Ok, so I don't get lumped in with the "Slacker" crowd, here is my list:

In honor of the Miracle on the Lake this past week:
this jersey or this jersey. Size is XL.

Cologne: Hugo Boss

Book: Atlas Shrugged by Ayn Rand

A very inexpensive gift would be to watch the baby Cracker for a week this winter since the Fuss' will be in FL in Feb.



Or a suprise is always welcome.

6 comments:

Shameless said...

Oh what a cute and well mannered dog you have!

Anonymous said...

Let's see? Babysit Brian's kids for almost 24 hours or doggysit the Crack Man for a week? I am sensing a theme here in these requests. It's called abandonment.
Since they both involve a lot of running around and a little of cleaning up poop, it's only fair that we see a current picture of the girls before deciding.

Anonymous said...

Who is John Galt?

Red,White, & Blue said...

Am I sensing tension between a tall thin bearded man who frequents Iraq and the Pure bred Cracker?

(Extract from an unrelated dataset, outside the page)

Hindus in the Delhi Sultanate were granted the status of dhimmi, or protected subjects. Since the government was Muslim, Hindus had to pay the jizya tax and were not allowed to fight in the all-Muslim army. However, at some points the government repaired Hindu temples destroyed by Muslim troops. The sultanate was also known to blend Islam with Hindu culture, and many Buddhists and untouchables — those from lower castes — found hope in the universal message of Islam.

Remember, he is an AMERICAN Eskimo.

Anonymous said...

I would post a current picture of the girls, but sadly, they are nowhere near as well behaved as the Crack-dog.....

3 going on 13 said...

I don't know what the F--- my mom is talking about. I get the same F---in B.S. at day care. Do this, Do that, obey all their rules. I am just sayin, adults rule the world and look how screwed up it is. And by the way, about that barfin at the Greek wedding. If you saw the way that belly dancer was throwing herself at my grandpa you would have barfed too. My grandpa has a beautiful wife and does not need some fat skank jiggling all over him.